In an interview in the late 1930s (I believe), W. C. Fields was noted to have said, "You know, I have to wonder how I would have done without the booze."

That's likely not an exact quote, but the gist of it is accurate: Fields could put away the booze in epic fashion, and it took its toll (he died in 1946 at age 66). Suppose, however, that as a significantly younger man (say, in the early 1920s, as a function of some sub-standard prohibition stuff) he cut back his consumption to a degree that could be accurately described as average for the time?

I suspect that he would have lived longer--absent his liver problems caused by alcohol, one might reasonably guess he'd have reached his mid-70s or perhaps more--and his career, largely shelved by illness during the war, would have been extended. Can you imagine, let's say, Fields on live television in the early 1950s, trading barbs with Groucho on "You Bet Your Life", or appearing in cameos with Ernie Kovacs? Might Fields have also drawn on his extensive ad hoc knowledge of British fiction to write some sort of scholarly work as a semi-retirement project?

Godfrey Daniel, this is worth speculation!
 
An interesting POD

The tortured romance between artists and their intoxicants of choice is the stuff of many graduate theses. Poe was nuts with or without opium. Did it help him tell Tales of Mystery and Imagination? Hell yeah! Could Samuel Taylor Coleridge have written Xanadu without opium? Maybe, but I doubt it. I pick opium, but the drug (coke, booze, opium) isn't the issue, it's what allows the artist to catch and execute whatever inspiration comes to them.
Addicts have major issues with craftsmanship and exercising critical judgment when intoxicated, but when they get sober, more often than not, the craftsmanship and career management improves, but the inspiration loop gets blocked.
YMMV on that one but that's the pattern I see over and over in music, art, acting, literature, you name it. I hear so-and-so gonzo artist cleans up, and it's interesting to see what more focus and less sweaty desperation can lend to a project.

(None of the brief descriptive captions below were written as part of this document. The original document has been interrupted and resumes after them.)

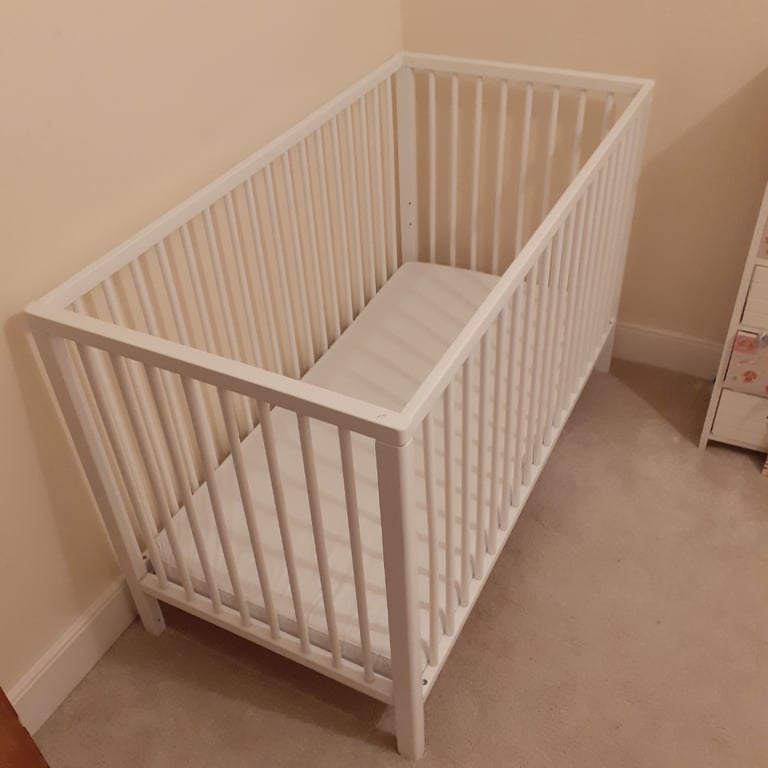 Mothercare Blaham white wooden cot baby three levels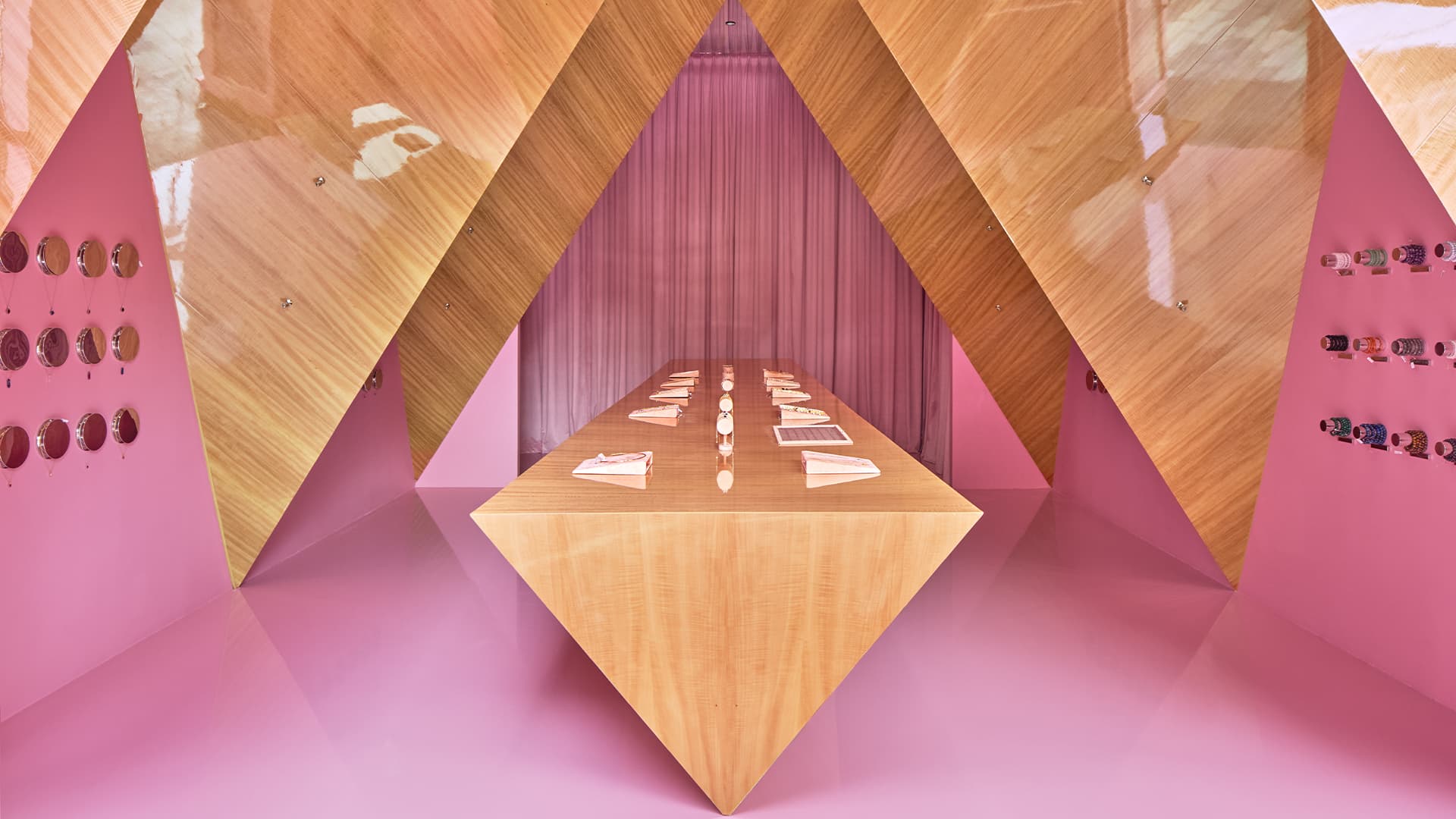 Образы кристаллов в интерьере магазина украшений — проект Елены Локастовой Образы кристаллов в интерьере магазина украшений — проект Елены Локастовой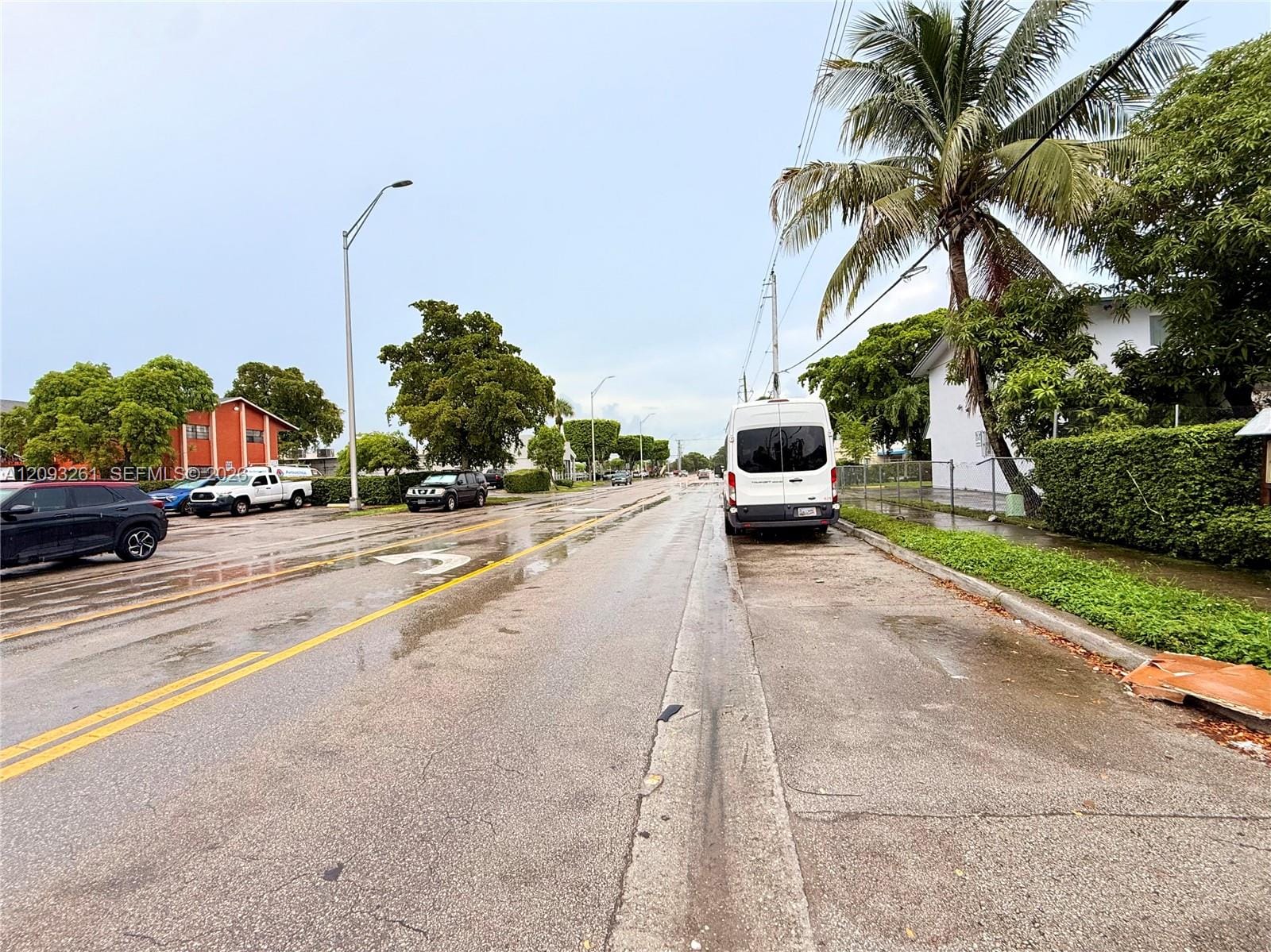 1284 W 44th Place 1, Hialeah, FL 33012 photo 24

I see much better craftsmanship, more coherent performances, etc but "great" performances usually are a thing of the past after clean-up.
My verbose way of saying WC Fields sobering up would most likely be able to dine out on his previous wackiness a while but folks will notice he wasn't funny anymore in the rakish way he was when soused and start praying for him to pick up the sauce again by 1950.